■ **Work to complete**:
After finding "长泰发展最新消息,长泰经济快速发展" in the data, write out its line and all following lines without change, up to and including the last one. Leave out pictures.

Supplied entries: Begin

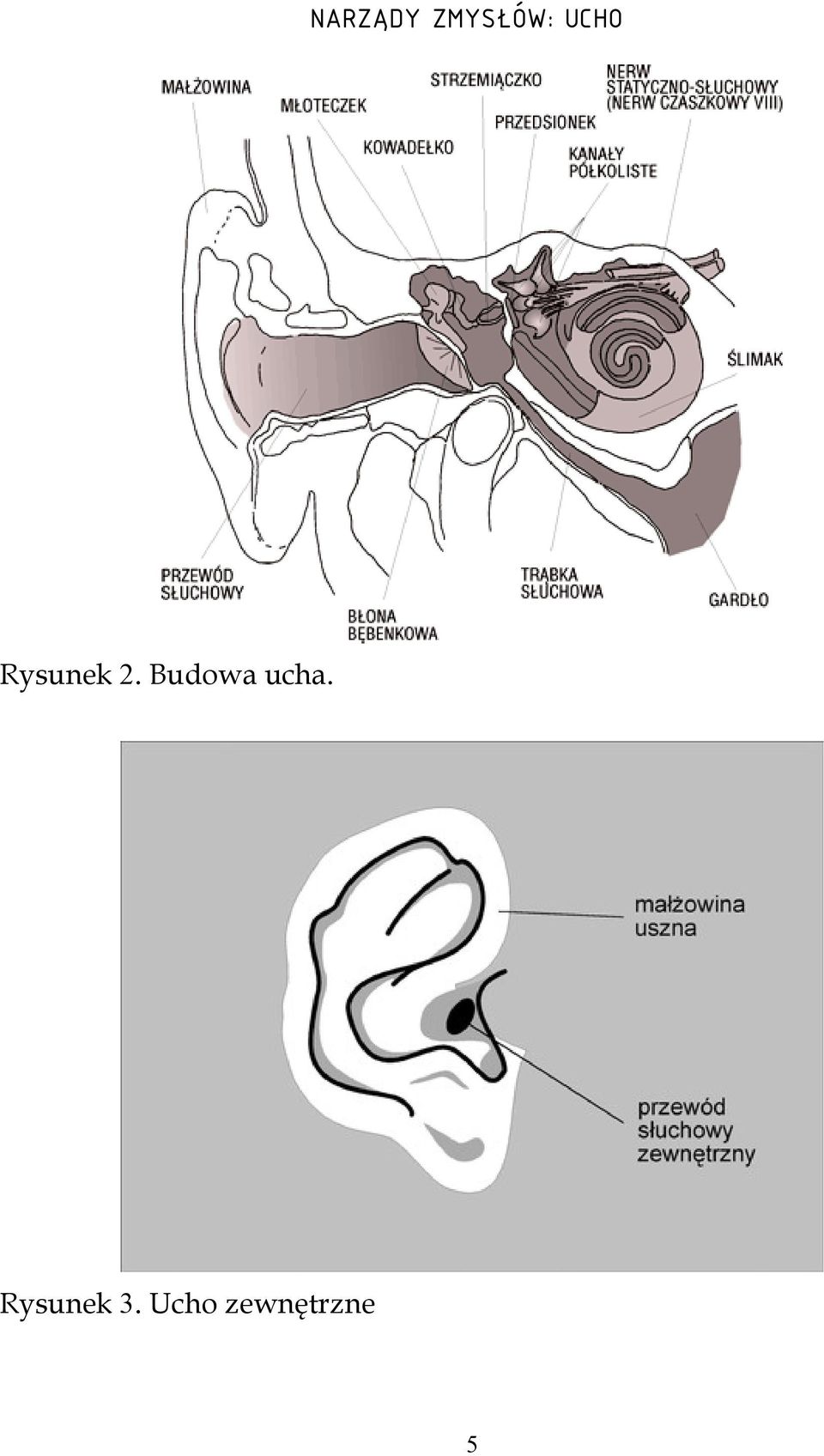 Rysunek 3.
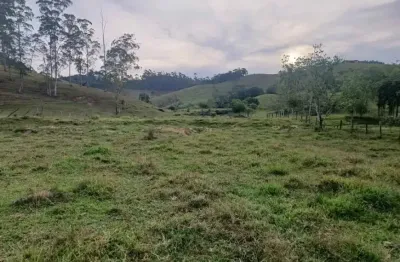 Excelente área para sítio de 15 mil m2 em fazenda de dentro, biguaçu sc - ótimo preço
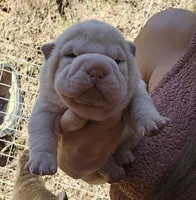 Albino cream girl, a female Chinese Shar-Pei for sale in Ellijay, GA – Photo 2 of 10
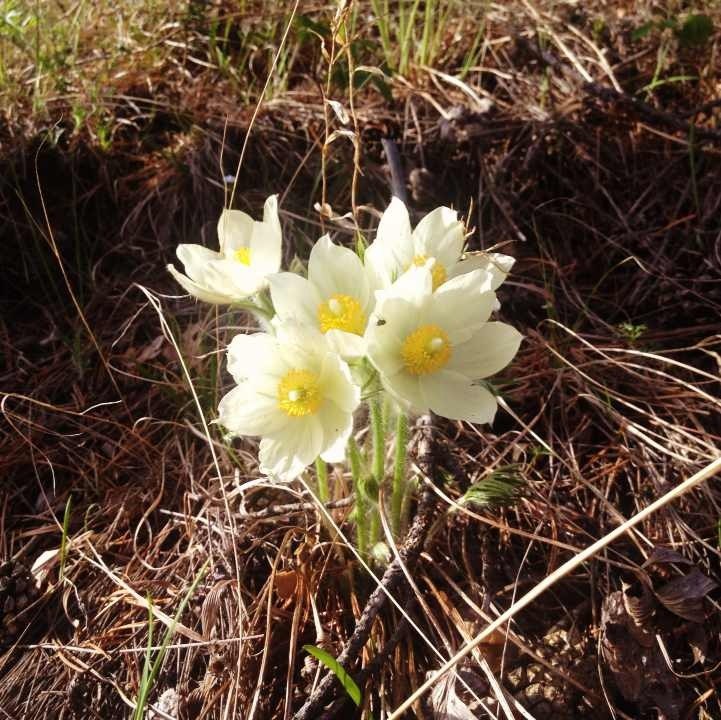 Александра Шурыгина | Улан-Удэ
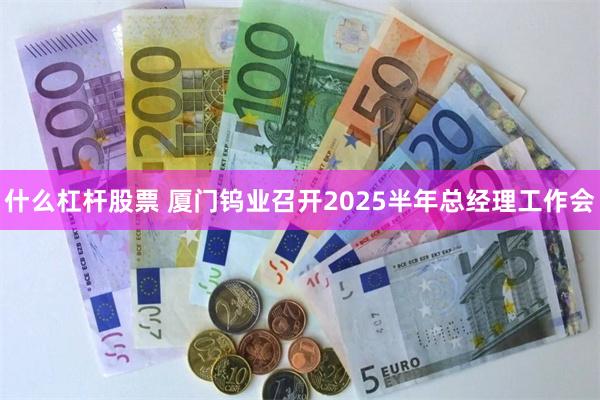 什么杠杆股票 厦门钨业召开2025半年总经理工作会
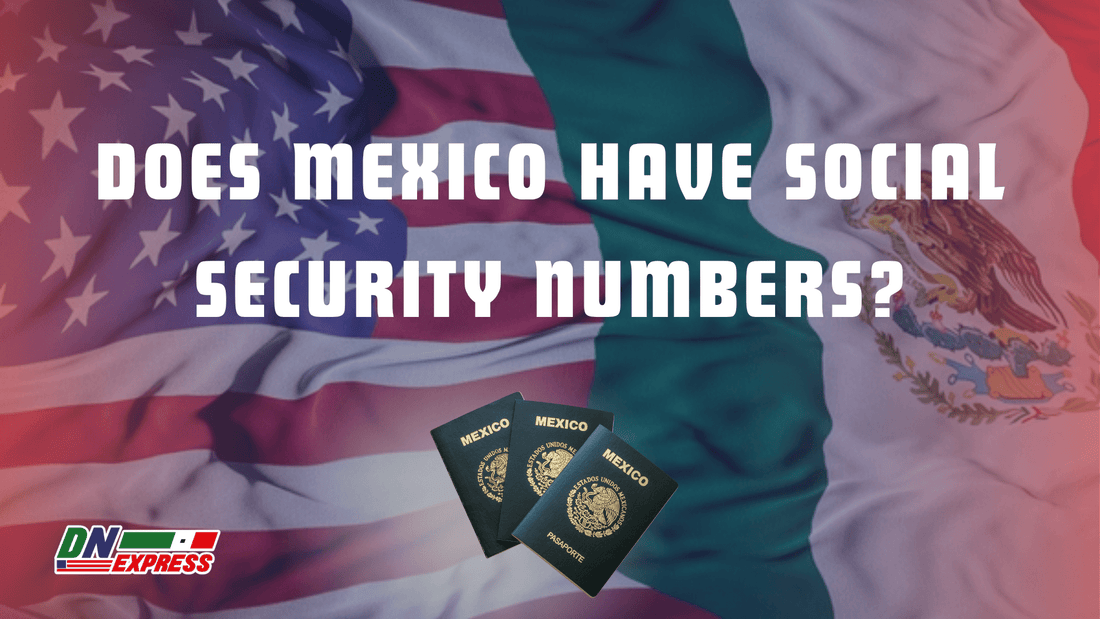 Does Mexico Have Social Security Numbers?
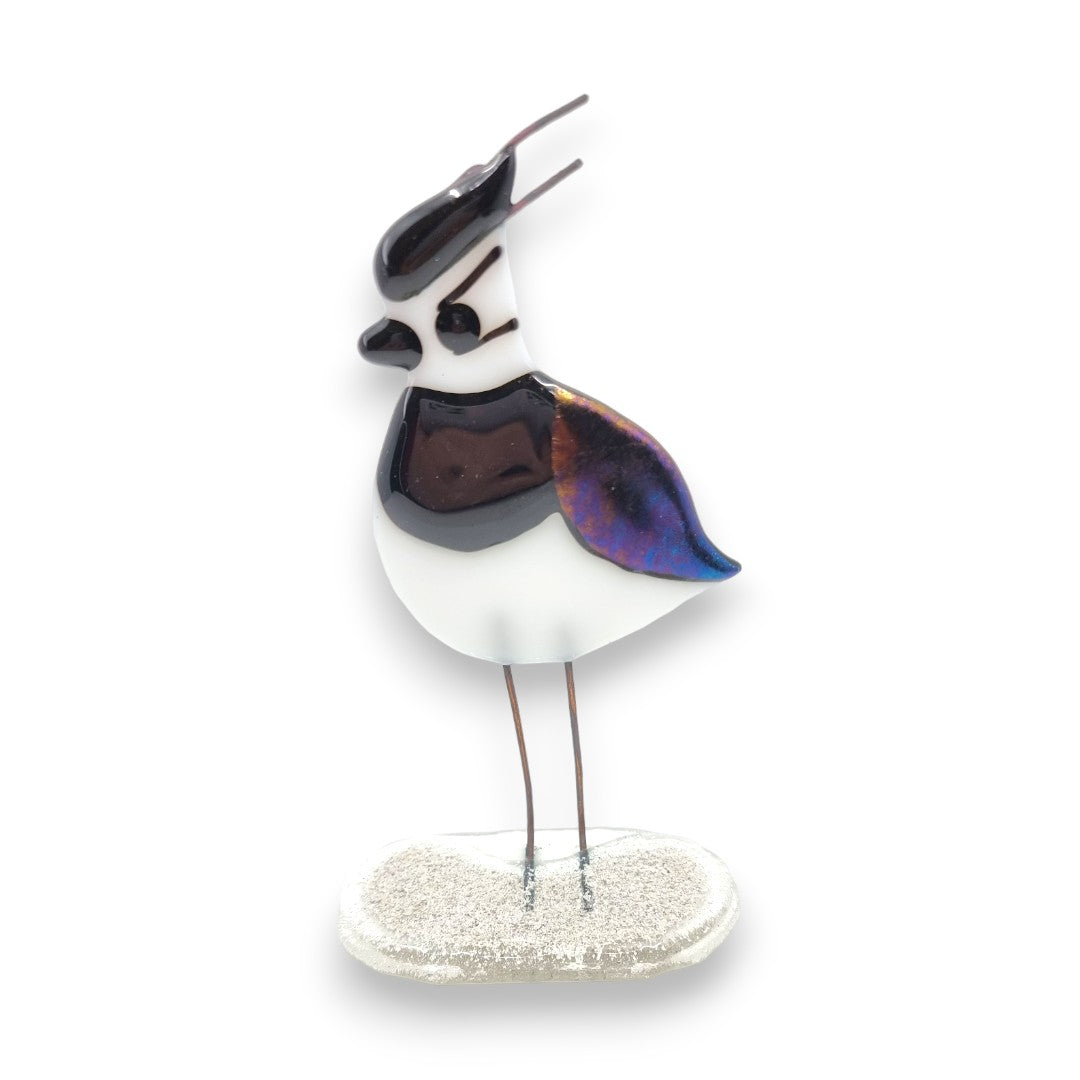 Lapwing - Fused Glass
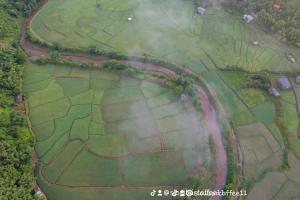 บ้านSlowbar coffeeเวนิสบ้านเวร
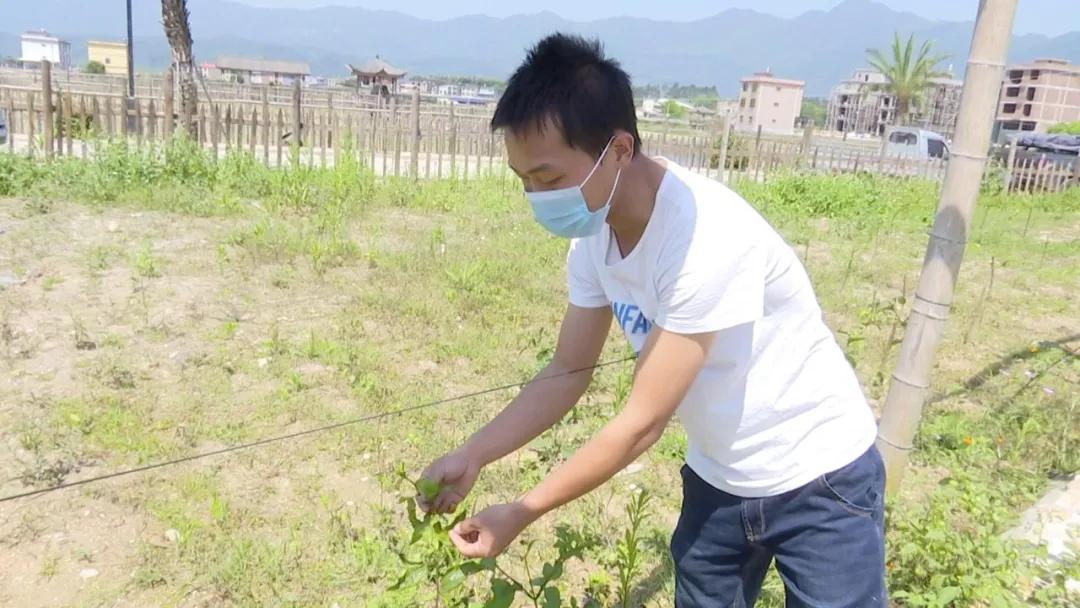 长泰发展最新消息,长泰经济快速发展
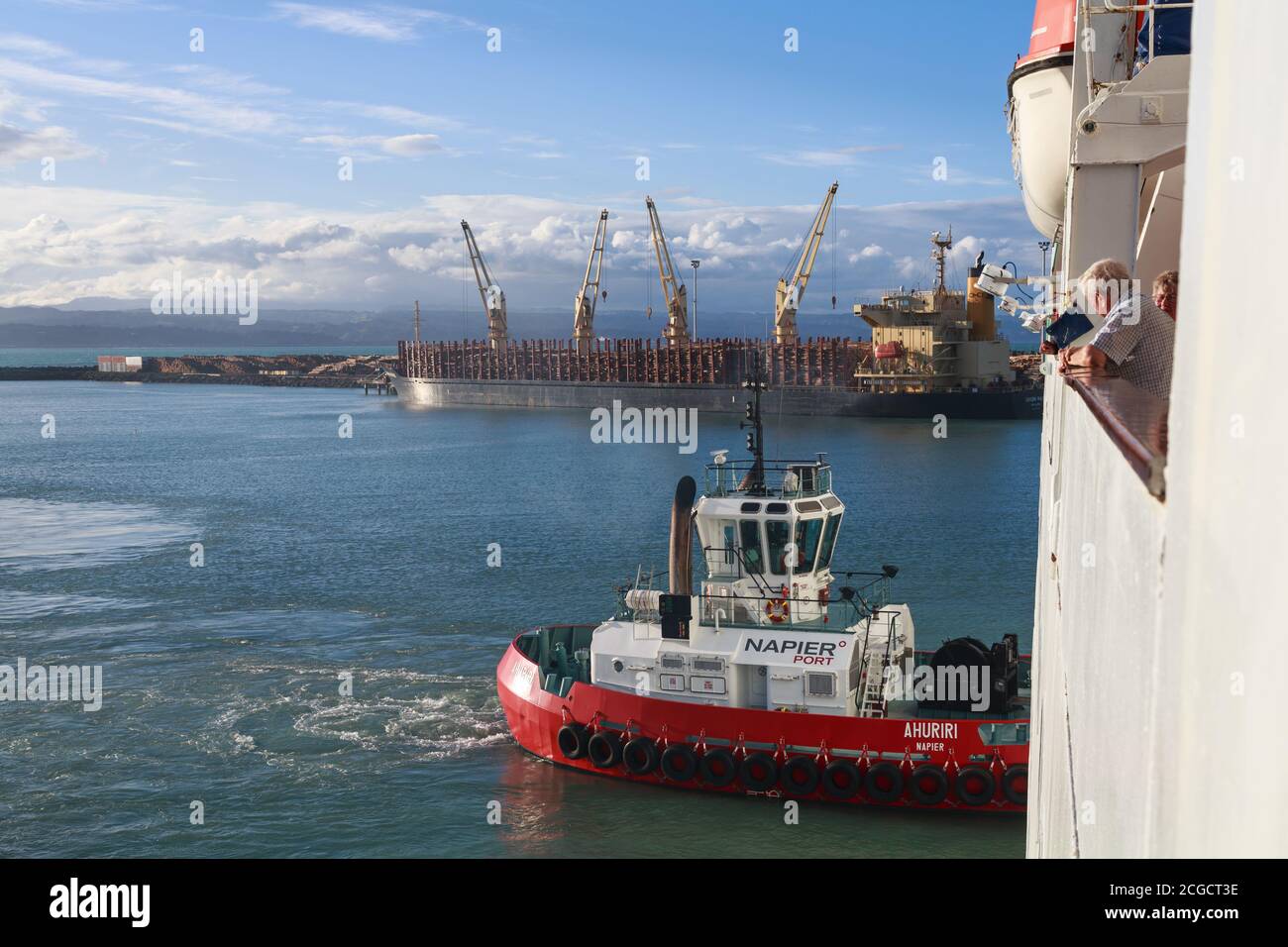 Ein Schlepper schiebt gegen die Seite eines Kreuzfahrtschiffes im Hafen von Napier, Neuseeland. Im Hintergrund lädt ein Frachtschiff mit Baumstämmen auf. 23/2018 Stockfoto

Supplied entries: End

■ **Answer section**:
 长泰发展最新消息,长泰经济快速发展
 Ein Schlepper schiebt gegen die Seite eines Kreuzfahrtschiffes im Hafen von Napier, Neuseeland. Im Hintergrund lädt ein Frachtschiff mit Baumstämmen auf. 23/2018 Stockfoto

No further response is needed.